Two San Francisco police officers were given a pass by the Supreme Court on Monday in the 2008 shooting of a schizophrenic woman who refused to be moved from her group home.
The court ruled that officers Kimberly Reynolds and Katherine Holder were not individually liable for shooting Teresa Sheenan up to six times after she threatened them with a knife. The officers were called to Sheenan’s residence in a mentally disabled facility after she threatened a case worker and was to be transferred to another location for psychiatric treatment.
There were two important points in this case the court had initially decided to attempt to answer, but ended up not doing so on either, according to one case analysis.
One of the burning questions that compelled the court to hear the case in the first place asked whether police should be required to take special care in accommodating mentally ill people they’re attempting to take into custody and whether such accommodations should fall under the protection of the Fourth Amendment. The second question dealt with whether those accommodations should fall under the federal Americans with Disabilities Act.
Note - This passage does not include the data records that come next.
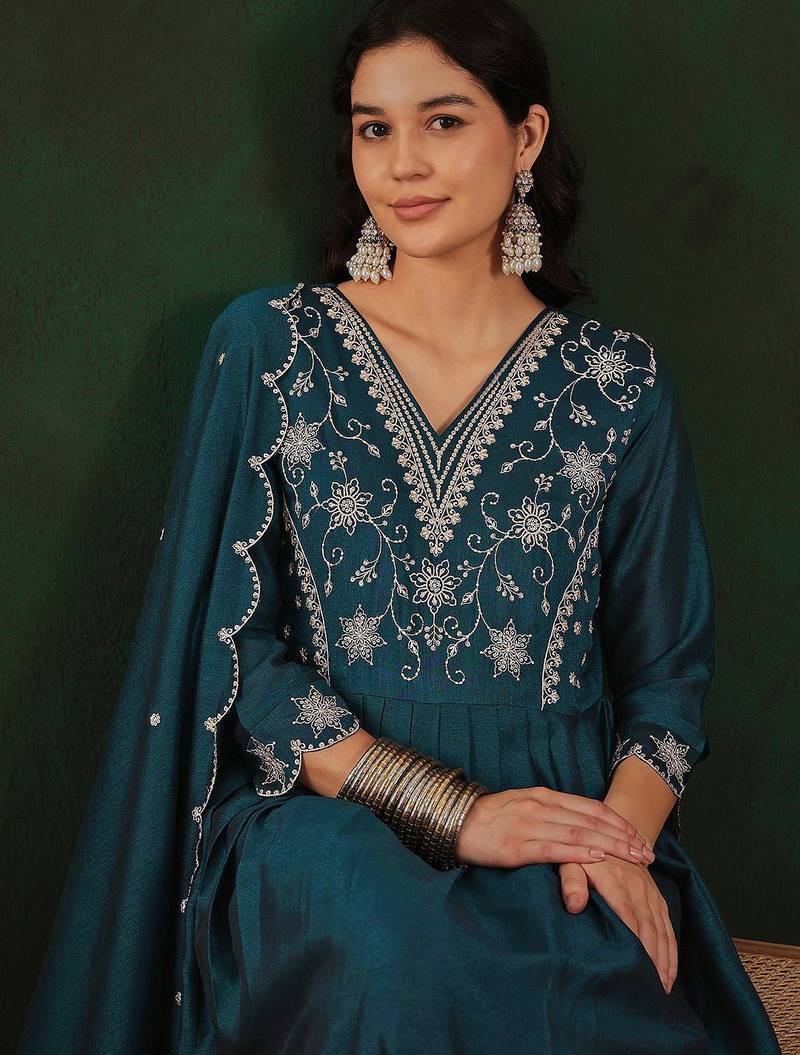 Teal floral embroidered v-neck tread work anarkali kurta & trouser with dupatta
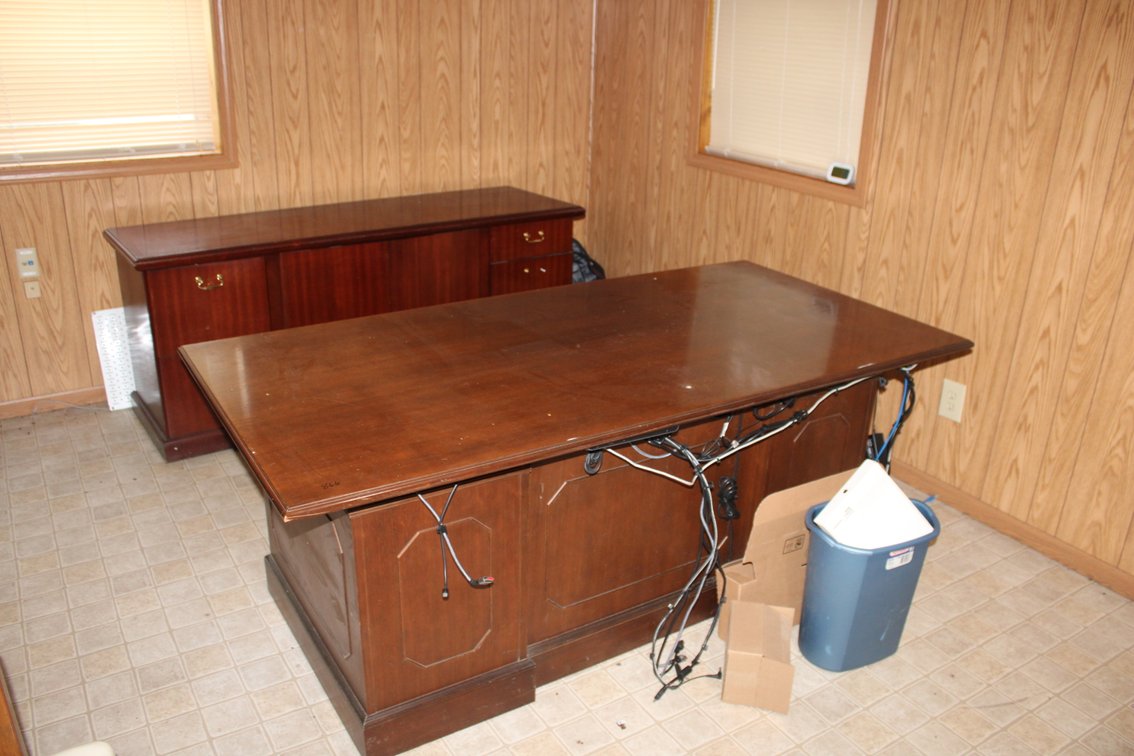 9 Drawer Wood Desk W/ Wooden Storage Dresser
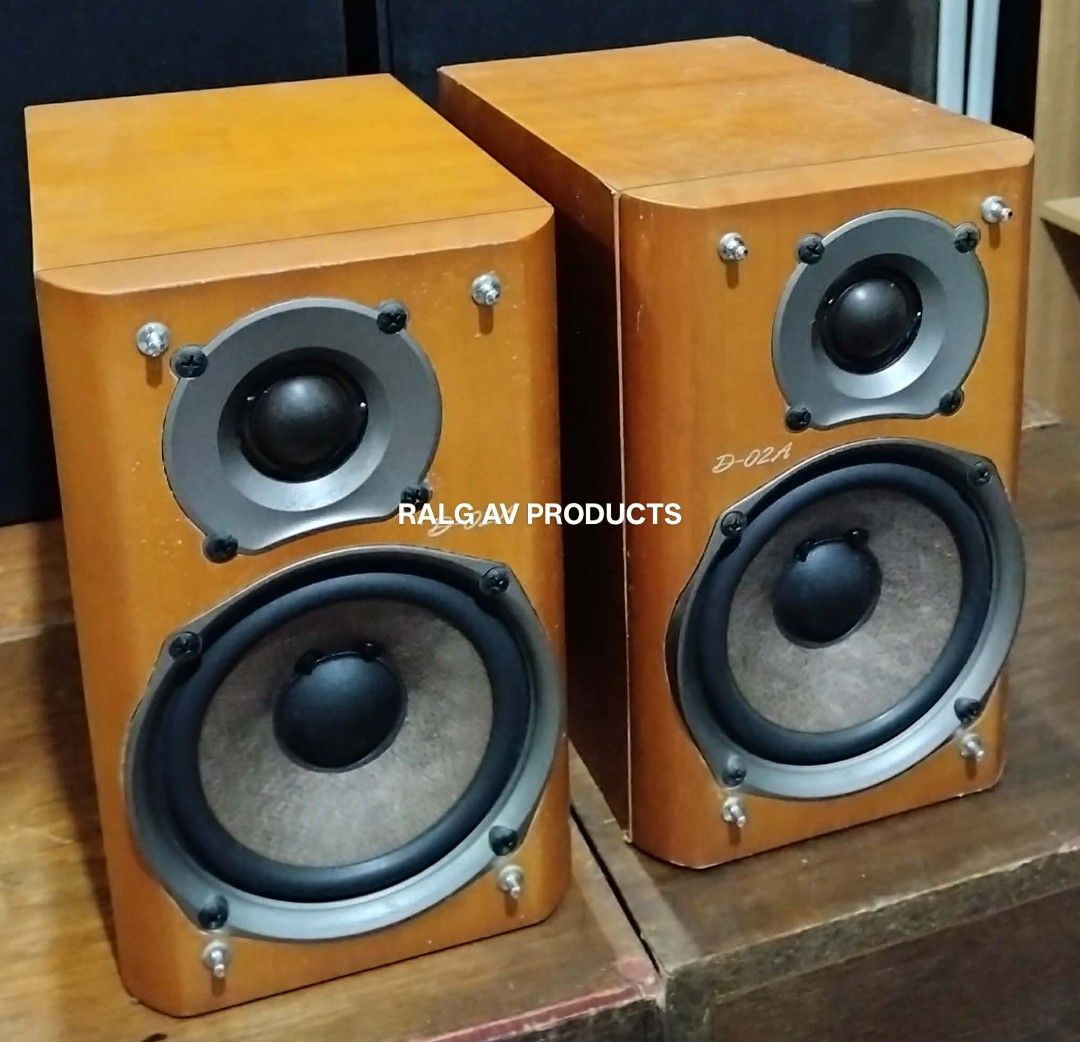 Onkyo D-02A Bookshelf Speakers (Pair) (Category: Soundbars, Speakers & Amplifiers) located in Bulacan. Submitted by ronald277077025 (Listing ID 1460507556, Image 3). Description: ONKYO 2 WAY BOOKSHELF SPEAKER D-02A 70 WATTS 6 OHMS 5" CONE WOOFER SOFT SILK DOME TYPE TWEETER BASS REFLEX DIMENSIONS: W13.5 x H21.5 x D23 cm Location: Sta Maria Bulacan Shipping at buyers expense.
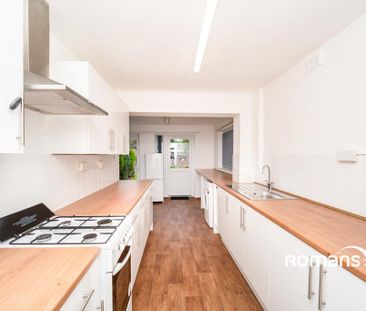 3 bedroom house to rent - Photo 3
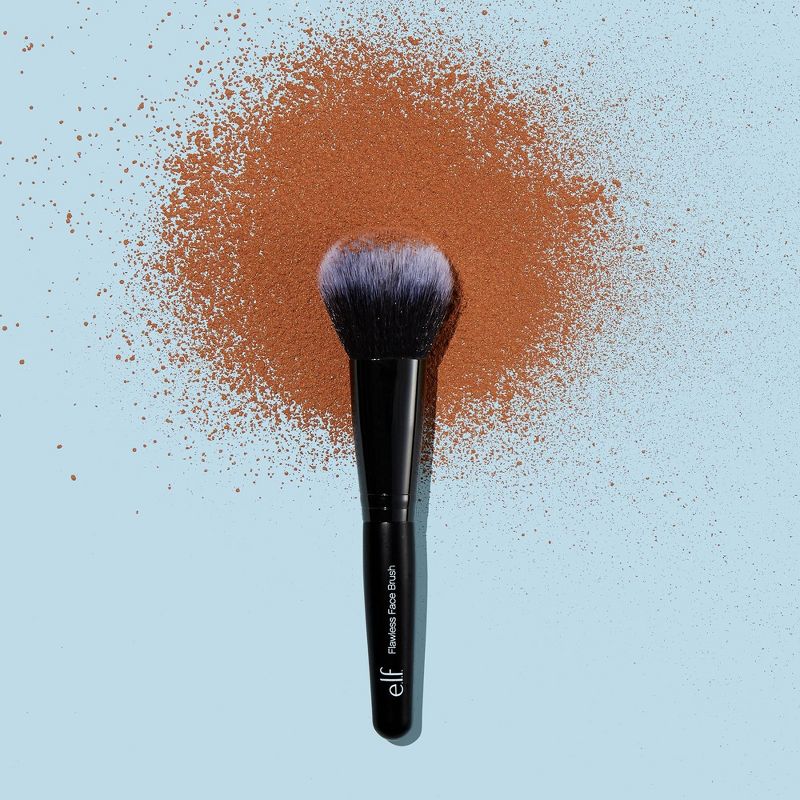 Elf Cosmetics - Brocha para Rostro Flawless Face Brush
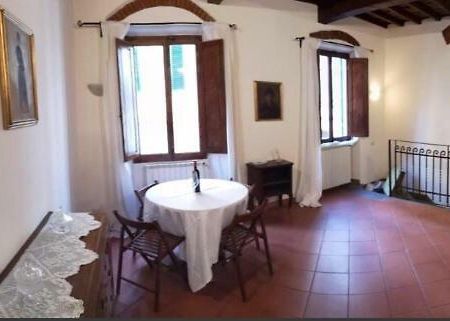 Historical J&D Apartment Florence Ngoại thất bức ảnh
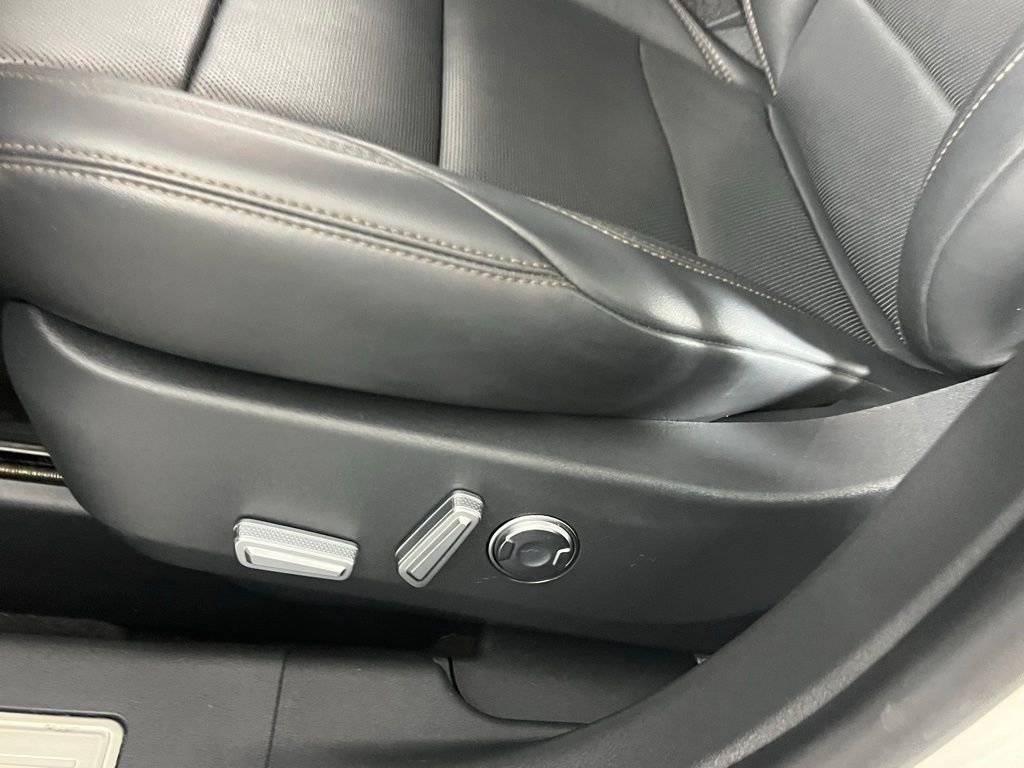 Used 2024 Lincoln Nautilus Premier w/ Jet Appearance Package image 21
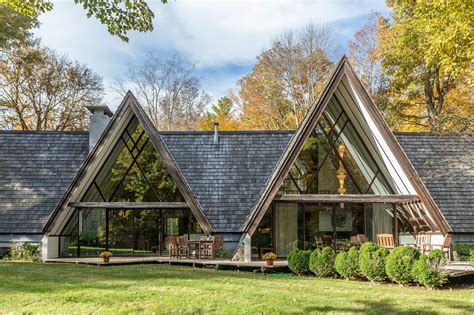 Mid Century Modern Meets Rustic Retreat At This 835k A Frame Home In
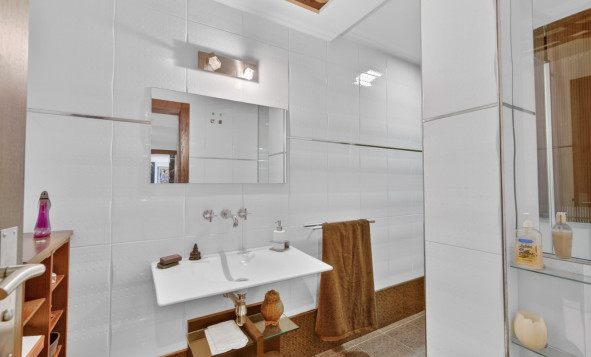 Herverkoop - 3. Vrijstaande villa - Santa Pola - Costa Blanca Zuid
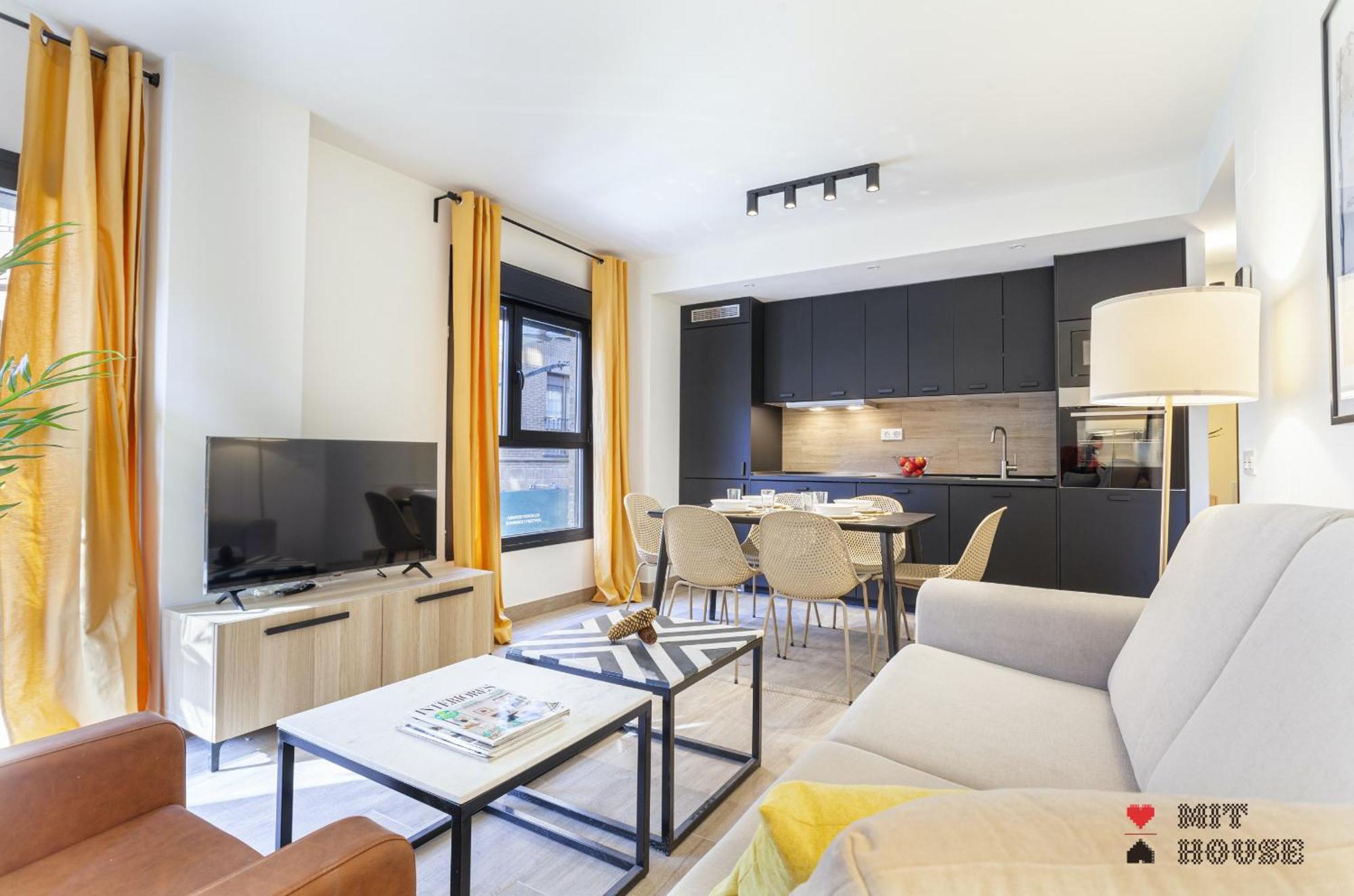 Apartmán Antonio Lopez En Madrid Exteriér fotografie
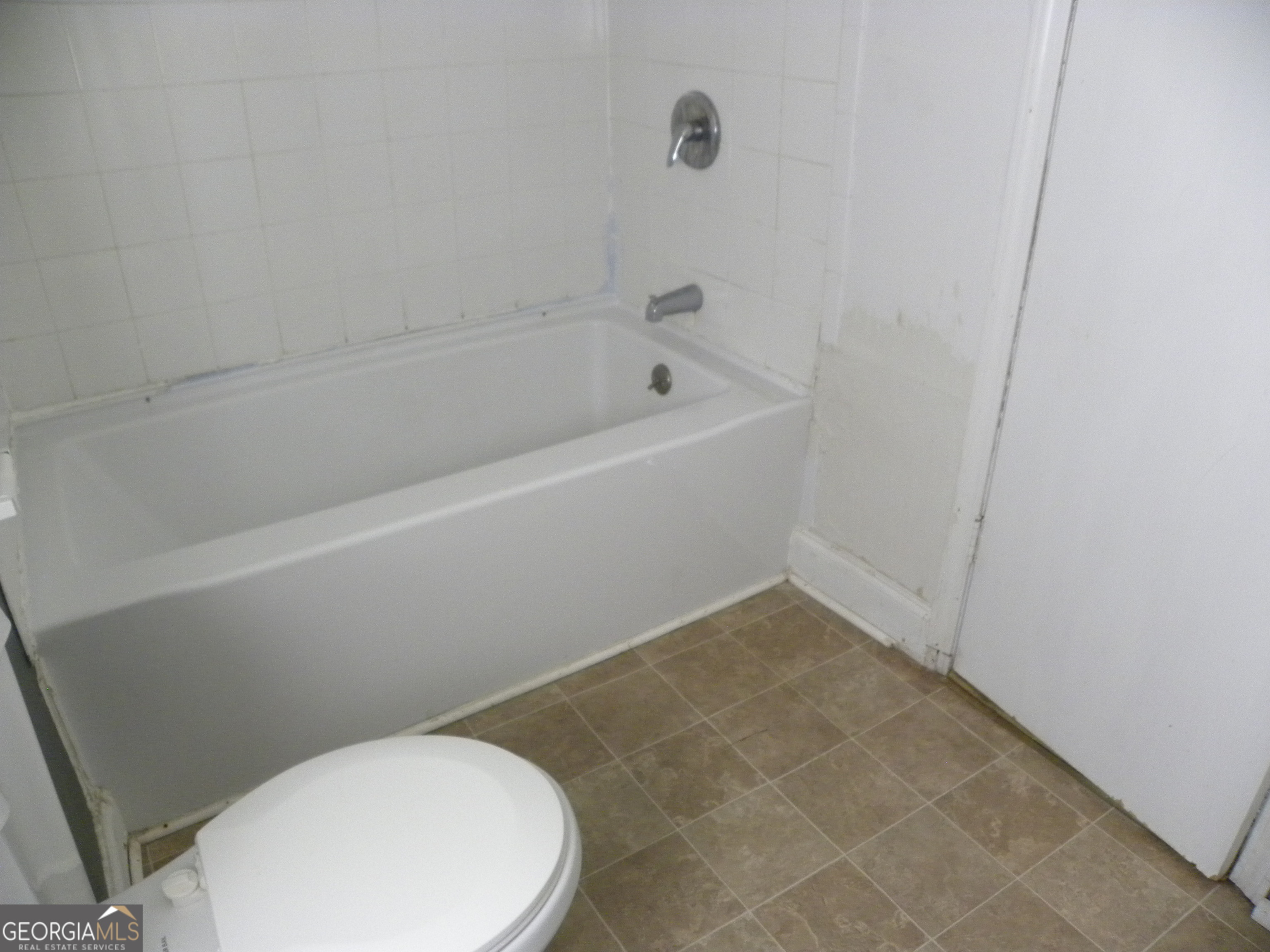 225 South Webb Street Hartwell, GA 30643 - Photo 10 of 24 a bathroom with a toilet and bathtub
Because the search and seizure claim was not clearly established in the lower courts, the officers were found to be immune from it, but that doesn’t mean they won’t face the ADA claim when the case is passed down to lower federal courts, according to the analysis.
Police confrontations with the mentally ill are typical, said Ron Honberg, director of policy and legal affairs at the National Alliance for Mental Illness, in an interview with The Guardian. Honberg filed a brief supporting Sheehan’s case.
Police have become first responders and often lack the training to deal with those scenarios, Honberg said.
The Guardian reported that national data on police shootings is unreliable and pointed to a 2013 study conducted jointly by the Treatment Advocacy Center and the National Sheriffs’ Association that found the mentally ill composed at least half of those shot and killed by police.